Stream processing
As the name implies, SPL is a language for processing data streams.
The HelloWorld
example from the previous section hardly qualifies as
stream processing, since there was only a single stream with a single tuple in that program.
Now, let's see a more idiomatic example that processes streams of an unknown or infinite
length, by using a graph of operator invocations that have pipeline parallelism. The purpose
of the program is to list a file, prefix each line with a line number, and write the result
to another file. It accomplishes this purpose with the following stream graph:

A stream is a (possibly infinite) sequence of tuples; in the example,
Lines
and Numbered
are streams. A tuple is
a data item on a stream. In the example, the stream Lines
transports one
tuple for each line in the input file. An operator is a reusable stream
transformer: each operator invocation transforms some input streams into some output
streams. The place where a stream connects to an operator is called a port.
Many operators have one input port and one output port (like Functor in
the example), but operators can also have zero input ports (FileSource),
zero output ports (FileSink), or multiple input or output ports (which is
shown in later examples).
But back to the line-numbering program. It is called NumberedCat
as a
homage to the UNIX™
cat utility that, given the right command-line options, performs the same
task. Here is the code:
composite NumberedCat {
graph
stream<rstring contents> Lines = FileSource() {
param format : line;
file : getSubmissionTimeValue("file");
}
stream<rstring contents> Numbered = Functor(Lines) {
logic state : mutable int32 i = 0;
onTuple Lines : i++;
output Numbered : contents = (rstring)i + " " + contents;
}
() as Sink = FileSink(Numbered) {
param file : "result.txt";
format : line;
}
}
Like in the previous example, there is a composite operator definition with a graph clause
that contains operator invocations. The invocation of FileSource in Lines
3-6 reads one line at a time (param format : line
), from a file that is
specified at submission-time (param file : getSubmissionTimeValue("file")
).
Later, how to supply the file name at submission time is shown. The invocation of
Functor in Lines 7-11 maintains a state variable mutable int32
i = 0
, which it increments each time that a tuple arrives (onTuple Lines
: i++
). SPL variables are immutable by default, so without the
mutable modifier, the compiler prevents it from incrementing
i++
. The output clause output Numbered : contents = (rstring)i +
" " + contents
assigns the contents
attribute of the output
stream by casting the line number i
to a string
(rstring)i
, and concatenating it with the contents
attribute of the input stream. As the example shows, an output clause has assignments where
the left side is an attribute of the output stream, whereas attribute names in the right
side belong to input streams. Finally, the invocation of FileSink on
Lines 12-15 writes the results to a file named result.txt.

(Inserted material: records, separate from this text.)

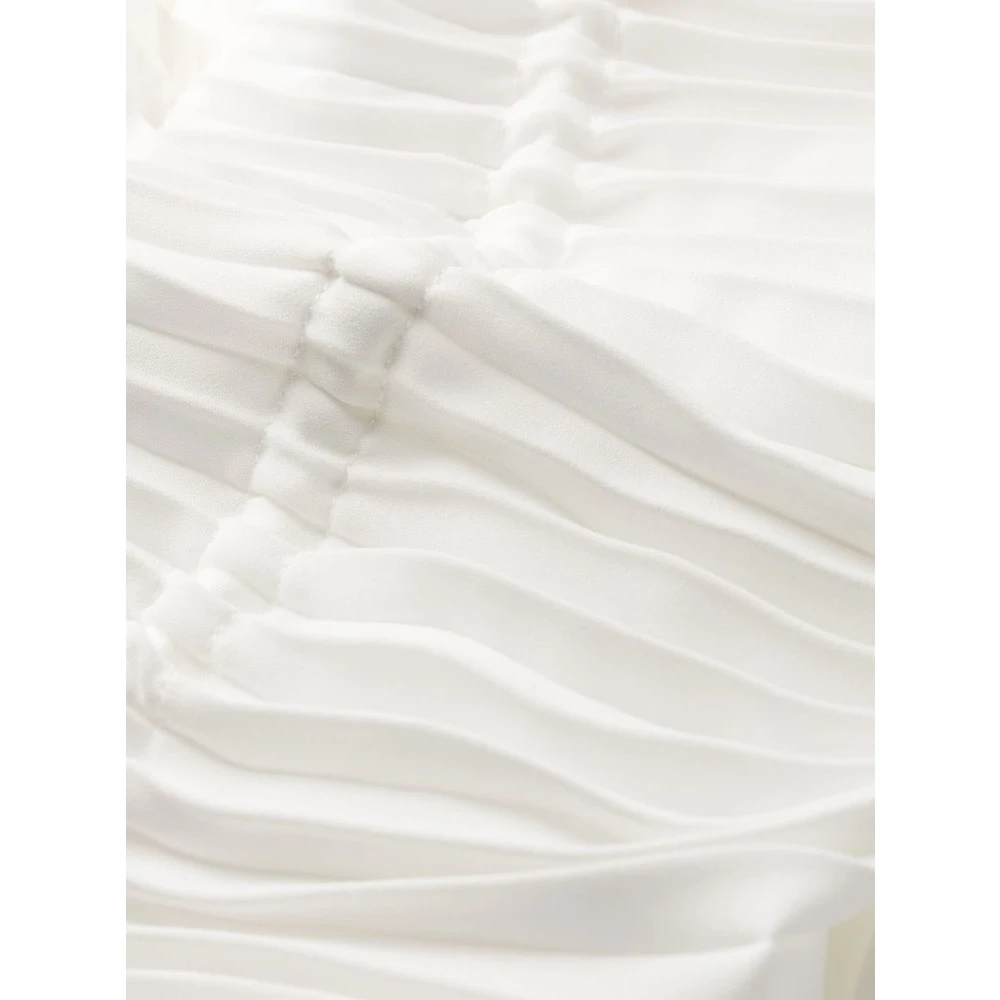 Proenza Schouler Witte Maxi Jurk met Broomstick Plooien White Dames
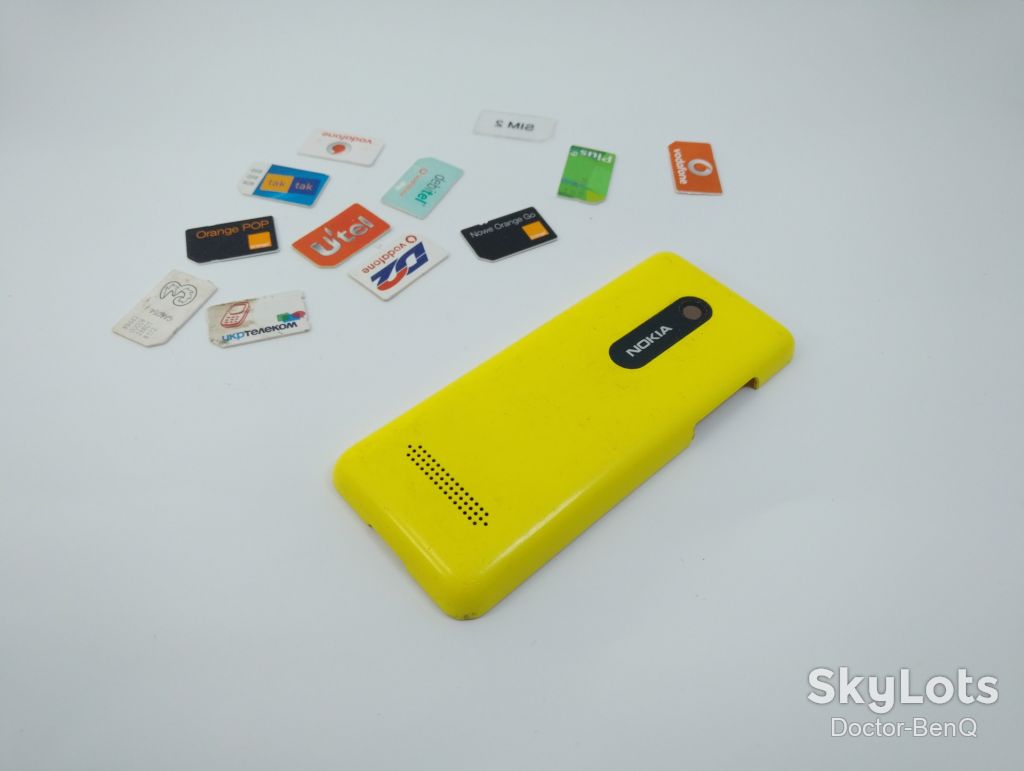 Задня кришка / крышка для Nokia 206 - фото фото фото 0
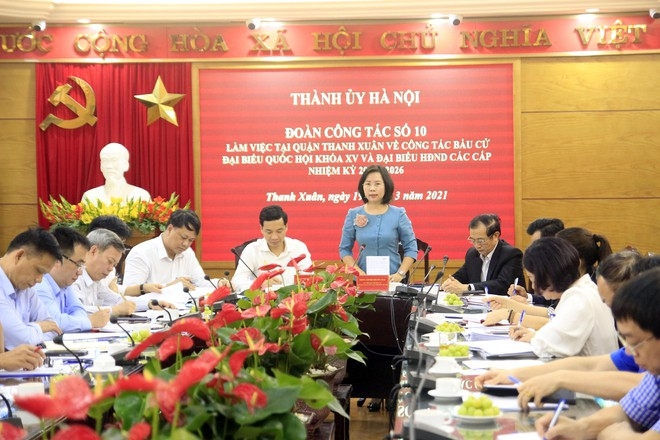 Trưởng Ban Tuyên giáo Thành ủy Bùi Huyền Mai phát biểu chỉ đạo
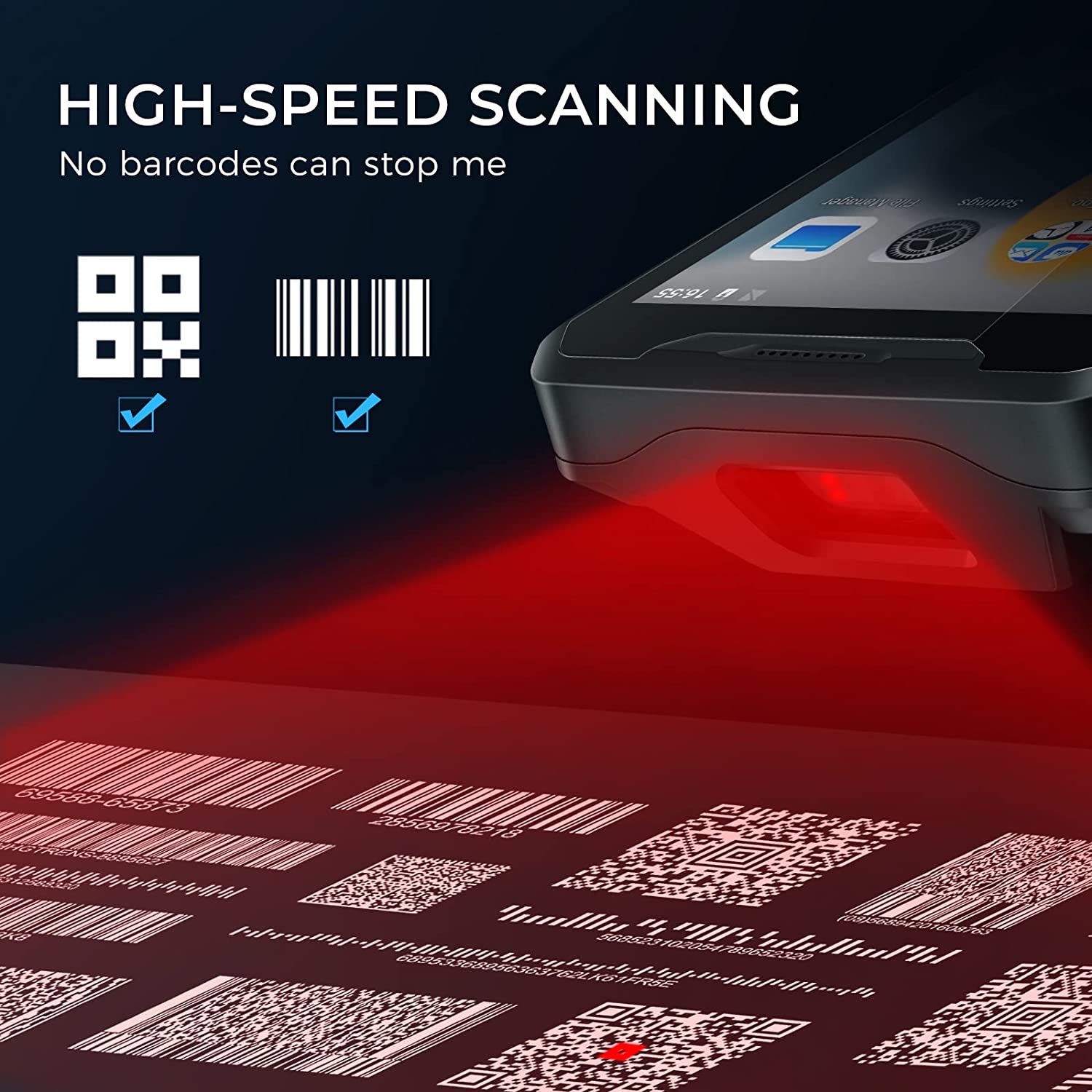 Android 9 4G Ruggedized Wirele - Barcode Scanner 2D incelemesi ve fiyatı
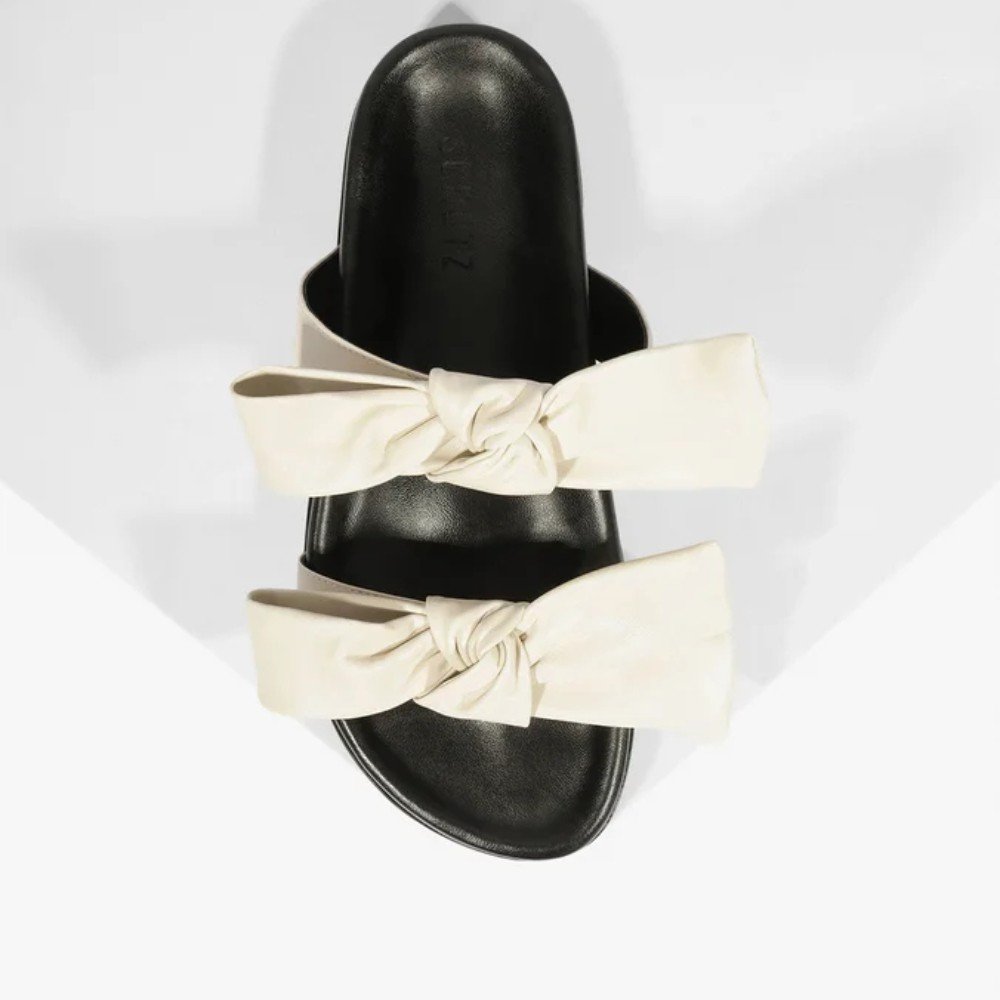 Papete Schutz Couro Laço Off White 5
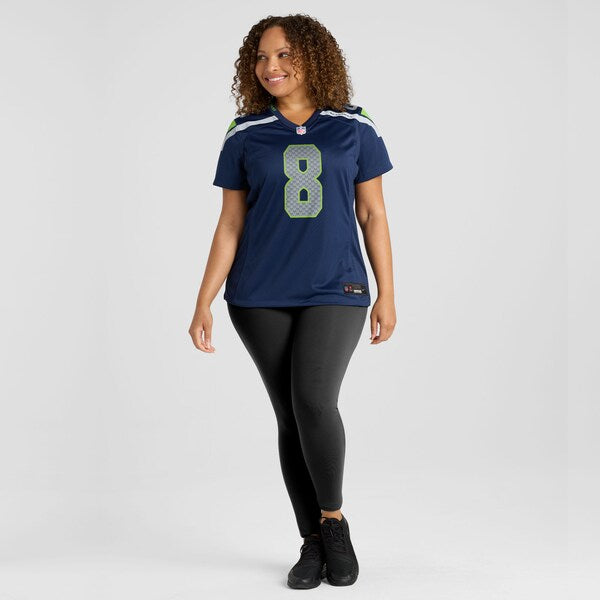 Coby Bryant Seattle Seahawks Nike Women's Team Game Jersey - College Navy/Neon Green - Image 8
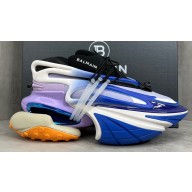 Balmain Neoprene and leather Unicorn Women/Men low-top Sneakers 07 2023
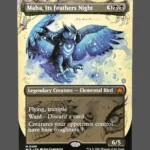 Maha, Its Feathers Night Holo MTG Proxy | Bloomburrow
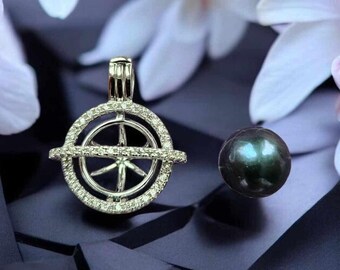 Sterling silver Saturn cage (Mother's Day offer!)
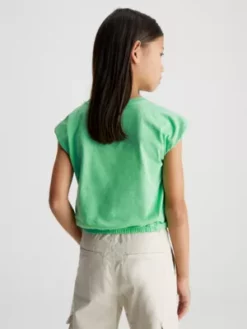 Calvin Klein T-shirt à Mancherons Avec Logo -Pas Cher Calvin Klein Magasin IG0IG02009 L1C alternate1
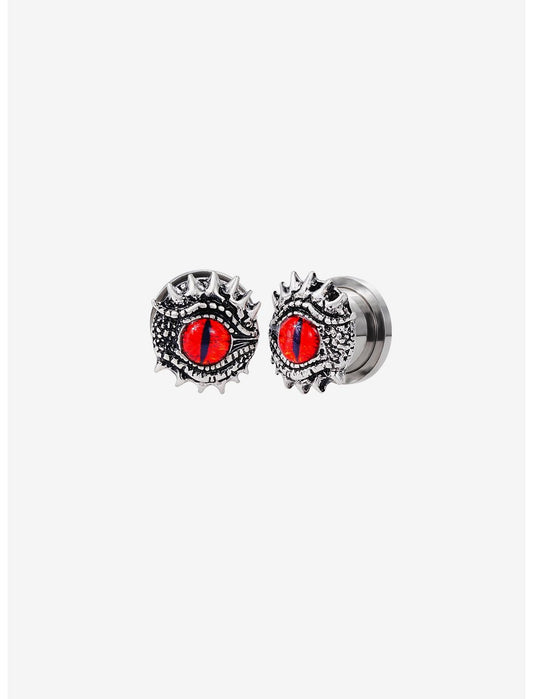 0G Steel Dragon Eye Plug 2 Pack - US 0845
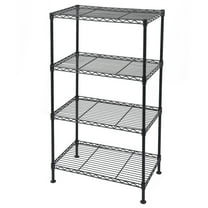 IVV 4-Tier Metal Storage Rack Industrial Welded Wire Shelving,Black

Try out the following procedure. Create a directory that is called NumberedCat and also make a subdirectory NumberedCat/data. Put the example program in a file NumberedCat/NumberedCat.spl. Put the following text in a file NumberedCat/data/catFood.txt:
The Unix utility "cat" is so called
because it can con"cat"enate files.
Our program behaves like "cat -n",
listing one file and numbering lines.
Compile it to a stand-alone executable file with the following command:
sc --data-directory data -M NumberedCat
When the program runs, you must supply the input file name as a submission-time value. The FileSource operator expects a file name that is relative to the NumberedCat/data directory. Therefore, run the program with the following:
./output/bin/standalone file="catFood.txt"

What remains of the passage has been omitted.